Will Yellow Banana’s grocery store deal in Chicago food deserts go bad?

It’s a good sign that grocer Yellow Banana reopened a Save A Lot store in the West Garfield Park neighborhood last week, providing a bit of relief in one of the city’s most parched food deserts.

The community’s residents certainly saw it that way, lining up in droves Thursday to attend a reopening ceremony and shop at the store at 420 S. Pulaski Road.

But as the Sun-Times Watchdogs reported recently, the Ohio-based Yellow Banana company is also being rocked in other states by store closures, fines, delinquent tax and utility bill payments, health code violations and a $2 million lawsuit.

That’s troubling news. The West and South sides deserve more grocery stores that sell healthy, affordable food. And we want Yellow Banana to deliver, for the sake of folks who don’t have the means to travel several neighborhoods away to buy a week’s worth of groceries — or just pick up a loaf of bread when they run out.

Editorial

Editorial

But with all of its financial troubles, can the company fully live up to its promise to renovate, reopen and operate six Chicago Save A Lot stores — even with the incentive of $13.5 million in city funding?

Right now, the forecast looks cloudy. The store execs behind the deal, and the city, better be working overtime to make sure the stores are a success.

A company that’s ‘not good’ at what it’s doing

Yellow Banana has had to close 16 stores in Ohio, Florida, Texas and Wisconsin. Those that weren’t shuttered were taken over by Missouri-based Save A Lot, the Sun-Times reported.

In just two years, Yellow Banana has gone from controlling 38 Save A Lots down to just eight in Chicago. Six of those eight stores, including the West Garfield Park location, are slated to reopen under the $13.5 million deal with the city, hatched in 2022.

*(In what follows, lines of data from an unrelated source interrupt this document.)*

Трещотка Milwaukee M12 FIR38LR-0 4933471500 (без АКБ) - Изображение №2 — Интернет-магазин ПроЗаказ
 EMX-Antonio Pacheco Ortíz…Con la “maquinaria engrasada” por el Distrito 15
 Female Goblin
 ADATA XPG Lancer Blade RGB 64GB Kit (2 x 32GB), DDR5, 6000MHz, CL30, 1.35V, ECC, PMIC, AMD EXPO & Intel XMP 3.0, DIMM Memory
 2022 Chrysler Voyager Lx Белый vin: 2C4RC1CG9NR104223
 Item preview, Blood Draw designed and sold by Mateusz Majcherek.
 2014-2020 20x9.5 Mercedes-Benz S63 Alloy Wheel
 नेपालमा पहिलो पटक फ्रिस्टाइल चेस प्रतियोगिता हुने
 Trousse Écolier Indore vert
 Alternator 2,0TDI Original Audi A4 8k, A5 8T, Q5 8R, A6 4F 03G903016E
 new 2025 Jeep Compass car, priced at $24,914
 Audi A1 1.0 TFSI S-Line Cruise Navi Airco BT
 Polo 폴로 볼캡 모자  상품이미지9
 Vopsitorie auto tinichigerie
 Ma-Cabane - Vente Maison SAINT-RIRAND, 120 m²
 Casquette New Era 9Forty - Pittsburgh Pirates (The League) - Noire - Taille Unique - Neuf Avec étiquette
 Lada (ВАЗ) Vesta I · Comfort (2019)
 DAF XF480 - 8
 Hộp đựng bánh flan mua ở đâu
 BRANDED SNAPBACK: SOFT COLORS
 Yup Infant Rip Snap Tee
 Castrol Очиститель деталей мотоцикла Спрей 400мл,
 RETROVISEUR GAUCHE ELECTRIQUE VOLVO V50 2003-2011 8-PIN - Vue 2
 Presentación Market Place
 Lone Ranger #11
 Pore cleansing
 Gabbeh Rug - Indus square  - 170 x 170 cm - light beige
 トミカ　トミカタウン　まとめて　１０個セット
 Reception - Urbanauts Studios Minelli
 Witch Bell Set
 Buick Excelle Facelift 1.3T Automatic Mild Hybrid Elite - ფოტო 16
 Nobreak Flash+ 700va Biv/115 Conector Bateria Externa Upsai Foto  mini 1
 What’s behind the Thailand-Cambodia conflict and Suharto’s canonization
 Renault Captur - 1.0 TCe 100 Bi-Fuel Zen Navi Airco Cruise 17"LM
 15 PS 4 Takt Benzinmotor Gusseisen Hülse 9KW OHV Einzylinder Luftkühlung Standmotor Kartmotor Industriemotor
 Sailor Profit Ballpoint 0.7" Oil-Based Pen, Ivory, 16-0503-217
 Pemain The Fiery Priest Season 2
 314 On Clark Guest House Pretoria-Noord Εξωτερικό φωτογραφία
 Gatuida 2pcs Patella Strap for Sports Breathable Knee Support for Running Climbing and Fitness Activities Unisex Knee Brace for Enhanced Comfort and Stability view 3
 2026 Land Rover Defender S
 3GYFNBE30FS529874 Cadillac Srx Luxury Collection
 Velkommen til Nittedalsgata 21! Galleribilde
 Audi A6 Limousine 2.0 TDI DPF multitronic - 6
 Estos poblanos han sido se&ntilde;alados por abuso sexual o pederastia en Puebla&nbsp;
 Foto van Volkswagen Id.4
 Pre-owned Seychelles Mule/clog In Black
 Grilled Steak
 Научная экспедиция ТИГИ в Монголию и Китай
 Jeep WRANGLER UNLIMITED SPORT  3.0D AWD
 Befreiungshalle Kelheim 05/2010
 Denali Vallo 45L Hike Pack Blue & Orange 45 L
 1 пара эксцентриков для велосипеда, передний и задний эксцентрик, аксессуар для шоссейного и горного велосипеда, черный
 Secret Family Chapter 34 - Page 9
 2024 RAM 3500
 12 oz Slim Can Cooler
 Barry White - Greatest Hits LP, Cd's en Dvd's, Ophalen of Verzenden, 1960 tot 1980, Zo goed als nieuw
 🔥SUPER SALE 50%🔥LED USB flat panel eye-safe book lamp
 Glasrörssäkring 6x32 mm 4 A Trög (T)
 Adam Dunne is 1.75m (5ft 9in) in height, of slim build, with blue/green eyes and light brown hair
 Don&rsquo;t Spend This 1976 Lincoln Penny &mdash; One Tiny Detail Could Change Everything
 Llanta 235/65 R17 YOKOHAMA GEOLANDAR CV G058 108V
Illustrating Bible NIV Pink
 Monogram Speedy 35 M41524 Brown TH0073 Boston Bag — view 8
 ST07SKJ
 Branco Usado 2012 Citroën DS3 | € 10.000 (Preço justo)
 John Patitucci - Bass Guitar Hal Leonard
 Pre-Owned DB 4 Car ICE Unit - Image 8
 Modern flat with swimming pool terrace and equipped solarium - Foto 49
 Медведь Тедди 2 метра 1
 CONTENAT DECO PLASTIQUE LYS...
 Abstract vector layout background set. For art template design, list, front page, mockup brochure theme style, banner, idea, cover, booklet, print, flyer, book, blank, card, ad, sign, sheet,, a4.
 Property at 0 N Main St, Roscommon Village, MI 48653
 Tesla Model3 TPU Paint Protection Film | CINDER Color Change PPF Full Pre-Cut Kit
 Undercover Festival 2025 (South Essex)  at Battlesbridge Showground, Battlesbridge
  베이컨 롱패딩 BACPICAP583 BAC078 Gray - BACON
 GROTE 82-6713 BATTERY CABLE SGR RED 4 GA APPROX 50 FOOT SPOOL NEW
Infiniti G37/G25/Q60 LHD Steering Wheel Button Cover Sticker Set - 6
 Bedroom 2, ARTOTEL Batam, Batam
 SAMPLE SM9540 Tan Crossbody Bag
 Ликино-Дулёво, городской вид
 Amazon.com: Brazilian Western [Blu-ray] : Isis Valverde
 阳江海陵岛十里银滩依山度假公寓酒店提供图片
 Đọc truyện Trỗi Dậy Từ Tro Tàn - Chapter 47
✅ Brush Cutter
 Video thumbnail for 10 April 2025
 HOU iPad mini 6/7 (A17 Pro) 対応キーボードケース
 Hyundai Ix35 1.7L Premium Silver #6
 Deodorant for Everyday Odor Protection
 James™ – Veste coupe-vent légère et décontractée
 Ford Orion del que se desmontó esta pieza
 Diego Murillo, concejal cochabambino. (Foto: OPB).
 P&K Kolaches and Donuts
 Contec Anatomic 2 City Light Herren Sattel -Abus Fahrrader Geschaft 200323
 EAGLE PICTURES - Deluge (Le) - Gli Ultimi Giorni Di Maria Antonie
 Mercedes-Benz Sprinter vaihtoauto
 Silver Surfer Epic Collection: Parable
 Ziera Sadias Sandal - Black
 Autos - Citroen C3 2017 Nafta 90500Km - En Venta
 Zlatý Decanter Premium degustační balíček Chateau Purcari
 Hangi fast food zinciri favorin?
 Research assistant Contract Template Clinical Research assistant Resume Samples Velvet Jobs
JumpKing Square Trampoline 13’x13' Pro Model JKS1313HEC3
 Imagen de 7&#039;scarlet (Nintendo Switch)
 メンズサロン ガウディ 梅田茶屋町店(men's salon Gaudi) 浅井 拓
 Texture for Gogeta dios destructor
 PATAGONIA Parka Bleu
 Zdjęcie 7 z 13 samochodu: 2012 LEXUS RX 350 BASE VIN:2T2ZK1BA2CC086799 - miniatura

But so far, the West Garfield Park store, closed two years ago, is the only one to reopen.

On behalf of the Sun-Times, Northwestern University Kellogg School of Management professor Thomas Lys reviewed some of the financial documents the company provided to the city in 2022 to help craft the subsidy arrangement.

“When I look at this balance sheet, it’s a company that’s not good at doing whatever it’s doing,” Lys said. “I don’t see anything here that would give the people on the South and West sides any hope. Understand, all I know is what’s been conveyed to me. But this is a company that can’t pay $800 for its utility bill.”

It can be tough to find companies willing to open up a business and stay the course in lower-income communities of color. Think back to the closure of the Whole Foods in Englewood in 2022, and Walmart shutting down stores in Chatham, Kenwood and Little Village last year.

Even so, that the city knew the company wasn’t in good financial shape, but went ahead with the agreement anyway, is alarming.

Public is owed an explanation

The six Save A Lot stores must reopen by next April and remain open for at least a decade. Otherwise, Yellow Banana will have to repay the full amount of the subsidy.

That sounds like a safeguard, but could Chicago really get its money back? Or would the city become just another creditor trying to get blood from a Save A Lot turnip?

Even worse, people in those communities would be left wandering in the food desert, once again, if things don’t work out.

Which would be a travesty. West Side residents helped Yellow Banana craft the Pulaski Road store. Their input led the store to add fresh-cut turkey, organic products such as baby spinach and lettuce, and even floors and lighting designed to make the store feel more welcoming.

All of that effort can’t be allowed to go to waste.

Yellow Banana CEO Joseph Canfield and Save A Lot Chief Development Officer Bill Mayo attended last week’s store reopening. But they didn’t want to talk about Yellow Banana’s troubles.

“We’re looking forward on things; we’re really not going to talk about things in the past,” Canfield said. “We don’t comment on any litigation. Any challenges we have with suppliers, we are actively working through with them.”

Said Mayo: “We’re trying to focus on getting this store open, opening up the other stores, getting in the market and being successful. We’re really looking forward. That’s really what our focus is.”

But Canfield, Mayo, and the city for that matter, should explain how Yellow Banana intends to solve its financial issues, and open — and keep open — all six stores.